Le Nazioni Unite l’avrebbero spuntata: il negoziato alla fine del mese tra governo ufficiale yemenita e movimento ribelle Houthi dovrebbe partire. Il condizionale è d’obbligo: da un anno ogni tentativo di dialogo è naufragato per le precondizioni poste dalle due parti.

Ieri il governo del presidente Hadi ha annunciato l’intenzione di recarsi a Ginevra per discutere della risoluzione 2216 del Consiglio di Sicurezza, ovvero il ritiro degli Houthi dai territori occupati da settembre 2014 e l’abbandono delle armi. L’apertura giunge dopo che lo stesso movimento sciita aveva accettato di rispettare quanto previsto dalla risoluzione. A monte le difficoltà incontrate sul campo di battaglia: sebbene abbiano resistito per mesi ai raid della coalizione guidata dall’Arabia saudita, nelle ultime settimane il lancio dell’operazione via terra da parte di Riyadh ha costretto gli Houthi al ritiro da cinque province meridionali, tra cui la strategica Aden.

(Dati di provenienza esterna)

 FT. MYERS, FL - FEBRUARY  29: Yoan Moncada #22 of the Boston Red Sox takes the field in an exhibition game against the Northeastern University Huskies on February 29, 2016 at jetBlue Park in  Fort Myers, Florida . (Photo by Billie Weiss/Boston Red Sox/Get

All’operazione si sono aggiunti sabato 300 soldati sudanesi, sbarcati nel porto di Aden «per aiutare a mantenere la sicurezza nella città contro gli Houthi e [l’ex presidente] Saleh». Perché nonostante il ritiro Houthi la sicurezza non c’è ancora. E l’Arabia saudita resta invischiata in una guerra da cui non riesce ad uscire vincitrice.